Work task » Take from the entries below the stretch from the line with "Multifunction switch power" through the line with "Part 3 of the", and return it exactly, leaving the pictures out.
(Listed records Opens)
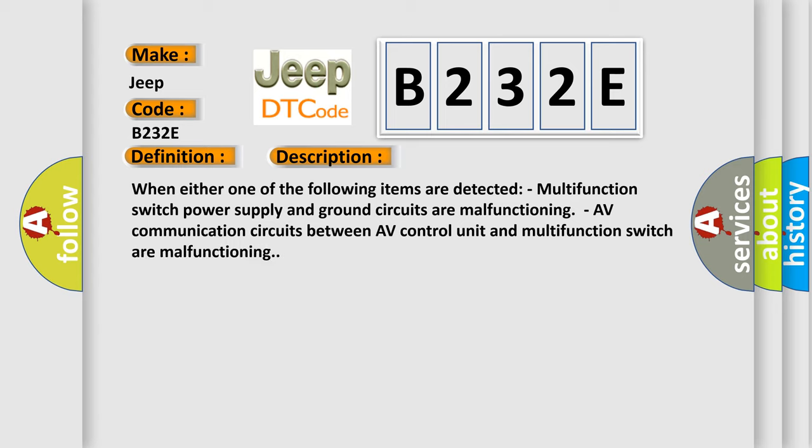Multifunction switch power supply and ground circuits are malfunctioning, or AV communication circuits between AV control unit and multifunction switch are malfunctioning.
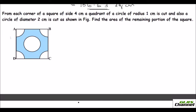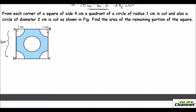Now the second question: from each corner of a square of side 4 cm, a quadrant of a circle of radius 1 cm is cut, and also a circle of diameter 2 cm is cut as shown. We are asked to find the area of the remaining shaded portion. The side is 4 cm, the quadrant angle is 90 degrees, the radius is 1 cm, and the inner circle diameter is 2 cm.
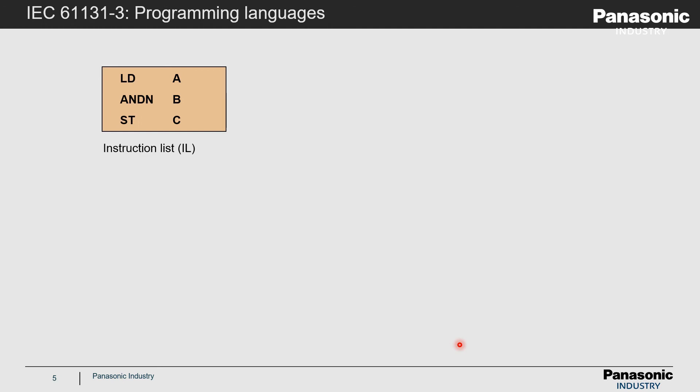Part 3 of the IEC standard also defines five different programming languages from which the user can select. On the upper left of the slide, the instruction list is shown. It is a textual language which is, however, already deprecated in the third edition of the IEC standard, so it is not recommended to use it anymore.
(Listed records Closes)
(Listed records Opens)
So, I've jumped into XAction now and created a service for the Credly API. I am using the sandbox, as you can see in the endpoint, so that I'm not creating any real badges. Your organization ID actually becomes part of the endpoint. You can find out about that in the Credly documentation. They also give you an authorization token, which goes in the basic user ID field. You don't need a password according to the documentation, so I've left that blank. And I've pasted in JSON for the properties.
(Listed records Closes)
Answer to this exercise »
Multifunction switch power supply and ground circuits are malfunctioning, or AV communication circuits between AV control unit and multifunction switch are malfunctioning.
Now the second question: from each corner of a square of side 4 cm, a quadrant of a circle of radius 1 cm is cut, and also a circle of diameter 2 cm is cut as shown. We are asked to find the area of the remaining shaded portion. The side is 4 cm, the quadrant angle is 90 degrees, the radius is 1 cm, and the inner circle diameter is 2 cm.
Part 3 of the IEC standard also defines five different programming languages from which the user can select. On the upper left of the slide, the instruction list is shown. It is a textual language which is, however, already deprecated in the third edition of the IEC standard, so it is not recommended to use it anymore.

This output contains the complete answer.